ホウが率いる鳥人(ハーピー)に運んでもらい、帝都近くに降ろされようとしてようやく安堵の息を吐いた。

 空の旅を体験して分かったのは、緊急時以外は使用してはならないという後悔のみ。

 空を飛ぶというのは想像以上に早く、怖く、なにより寒いものだった。

 運ばれている途中、四肢が動かず意識が徐々に薄れていったのは眠たかっただけだと信じたい。

 地面に到着、当分は地面と接していたい。やはり地に足を付けて生きていかないとな。


 ファース辺境伯と俺の配下は、すでに帝都の象徴である巨大な正門から距離を取った場所で待機しているのが空から見えた。

 直接そこに降りても邪魔になるので離れたところに降りて移動することにしたが、遅れてやってきたかのように見えてしまう。

 いや、実際遅れているのだが。ファース辺境伯が到着前に帝都周辺に辿り着いておく予定だった。

 

「遅れてしまったようで申し訳ない。まだ大丈夫だろうか?」


「問題ありませんよ、ノブナガ殿。我々が早すぎたのかもしれません。そんな我々より先に来ていたノブナガ殿の配下の方々は優秀ですな」


 騎士団をまとめていたファース辺境伯に遅刻の謝罪に向かえば、気にした様子はなく、むしろ自分たちの早さを誇り、配下への配慮も見せてくれる。

 俺もこんな自然に気配りの出来る人になりたい。ただ俺の周囲に気を配った程度でどうにかなるような奴の方が少ないのが問題だが。


「そう言ってくれるとありがたい。それで、状況は?」


「まだ相手に動きは見えませんな。
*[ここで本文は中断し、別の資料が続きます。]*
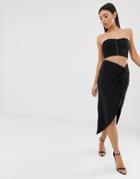 Club L Knot Front Ruched Skirt In Black - Black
おそらくこちらを補足したばかりで慌ただしく動き回っているのでしょう。ただ、もうしばらくすれば」


 話をしている最中に門がゆっくりと締まり始めた。同時に城壁の上に走り回る兵が続々と現れる。

 門を閉めて敵の侵入を防ぎ、その間に兵を集めて編成し、準備が整ったら門を開けて突撃。そんなところか。兵は向こうの方が多いのだ。籠城する意味はない。
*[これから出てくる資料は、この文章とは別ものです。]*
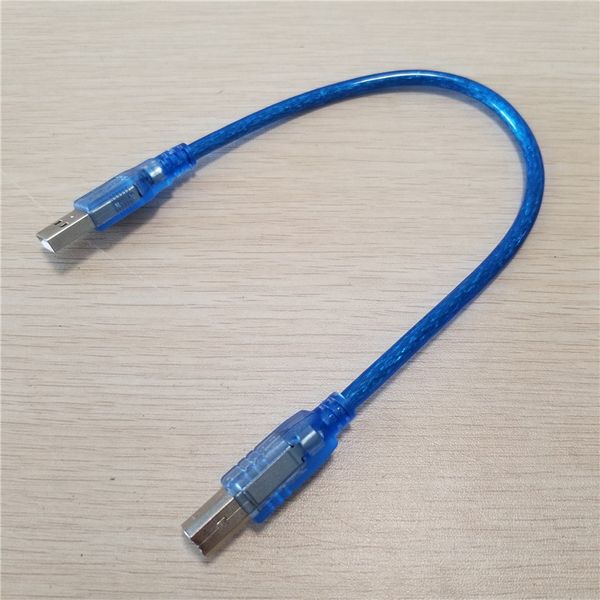 

wholesale 100pcs/lot usb 2.0 type a male to b male adapter converter short data cable cord for printer blue 30cm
「予定通りですな。では私たちはこのまま待機しております」


「ああ。アリス、イフリーナ、セルミナ、オルギアは集まれ。ランは配下の魔族をまとめておくように」


 今まではファース辺境伯に頼りっきりだったが、これからは俺たちの番だ。




「要はぶっ壊せってことか?」


 俺が今、懇切丁寧に説明してやったのにどうしてそんな理解になるんだ。

 おい、イフリーナ。アリスの発言に同意するように頷くんじゃない。隣でセルミナが困っているだろう。

 オルギアは、さすがに分かっているようでアリスの発言に首を傾げている。


「ええっと、適度に壊すということですか?」


 その通り。適度に壊す。ぶっ壊すのは駄目だ。

 ただこれを理解しないのが二人。


「何言っているんだ。壊すに適度も何もないだろう」


「そうだ、そうだ。全壊以外にどう壊せというんだ」

 

 半壊に留めればいいだろう。何で全部壊したがるんだ。

 この狂人たちにどう伝えればいいのか、と悩んでいるとセルミナが自信なさげに手を挙げていた。どうしたのかと問えば。


「あの、自由にやらせたら良いんじゃないんですか? 侮るわけではありませんけど、あれを人が壊すのは無理だと思いますよ?」


 ……確かにそうだな。首領悪鬼(ドン・オーガ)の攻撃すら耐えそうだ。並の人族、いや並を超えているアリスやイフリーナでもあれを全壊させるのは難しそうだ。それこそヴォルトでも連れてこないと無理かもしれない。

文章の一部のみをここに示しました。